É o caso do poema que deu título ao último dos livros contemplados nesta breve antologia traduzida por Maria Sousa:
CONTRA AS COISAS REDONDAS
Amamos as coisas redondas e pensamos
que vão ser eternas e amáveis e perfeitas:
a toranja debaixo do rotundo sol de agosto,
a pulseira que orbita em volta do pulso,
a moeda com duas caras e nenhuma cruz,
a bola de praia em cujo interior ainda se respira
um ar paciente de mil novecentos e oitenta e dois.

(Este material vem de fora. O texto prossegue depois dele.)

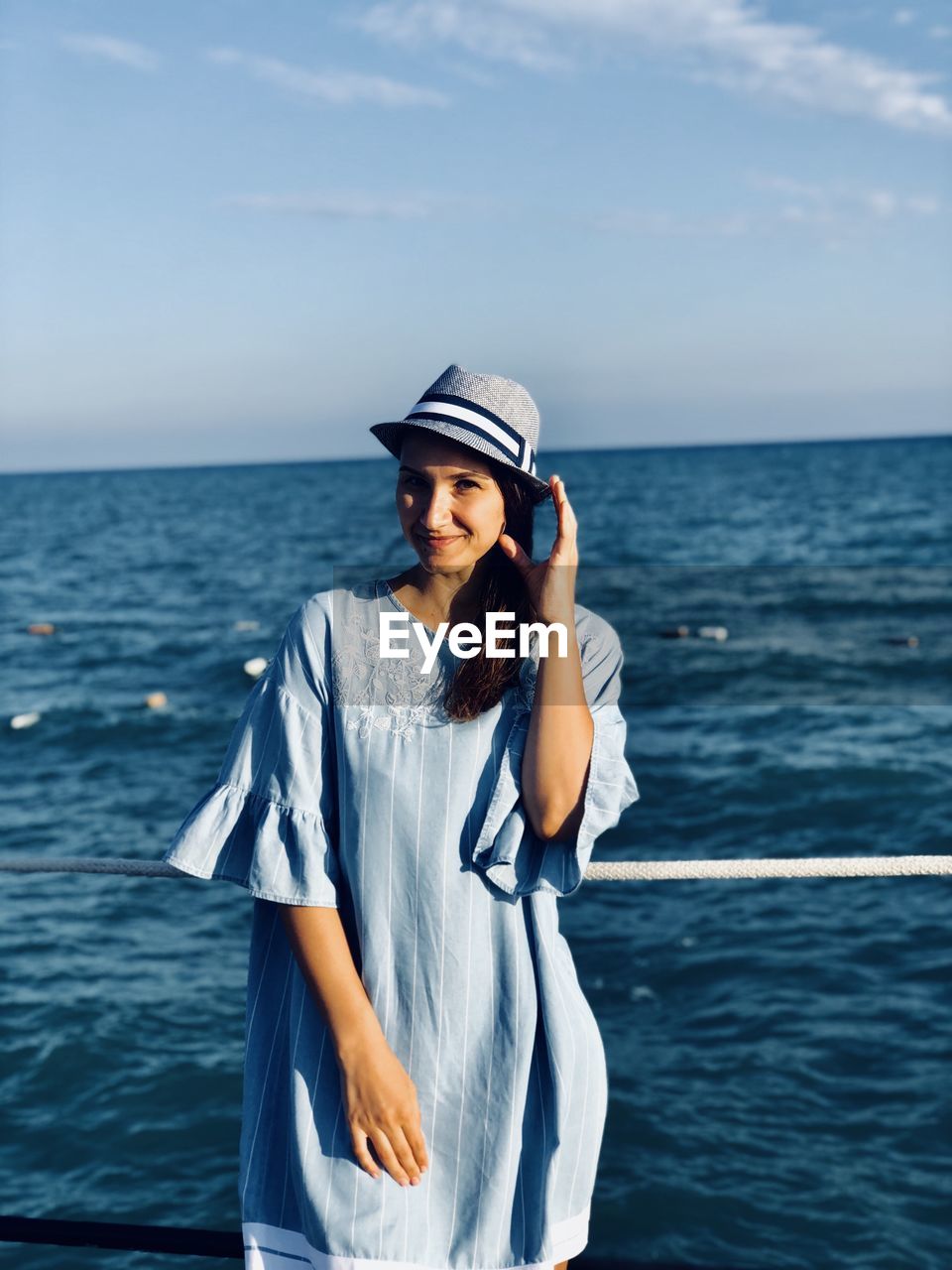 Portrait of woman wearing hat standing against sea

Há dias redondos em que tudo se encaixa
e a vida parece andar sobre rodas:
alguém, de lixa na mão, encarregou-se
de subtrair ao mundo todas as esquinas,
todas as arestas, todas as bordas.
Mas basta que atravesses um declive
ou que tudo se volte, de repente, para cima,
para verificar que são as coisas redondas
as primeiras a sair e a começar a correr:
a toranja, a pulseira, a moeda e a bola.
Eu recuso-me redondamente a aceitar tais desplantes.
Às formas esféricas eu oponho as coisas informes.
Escolho as imperfeitas, as imprecisas, as irregulares.
Aquelas cheias de defeitos, amolgadelas ou dobras.
Bonitas e originais, sem se sujeitarem a nenhum centro,
só elas permanecem e nos acompanham sempre.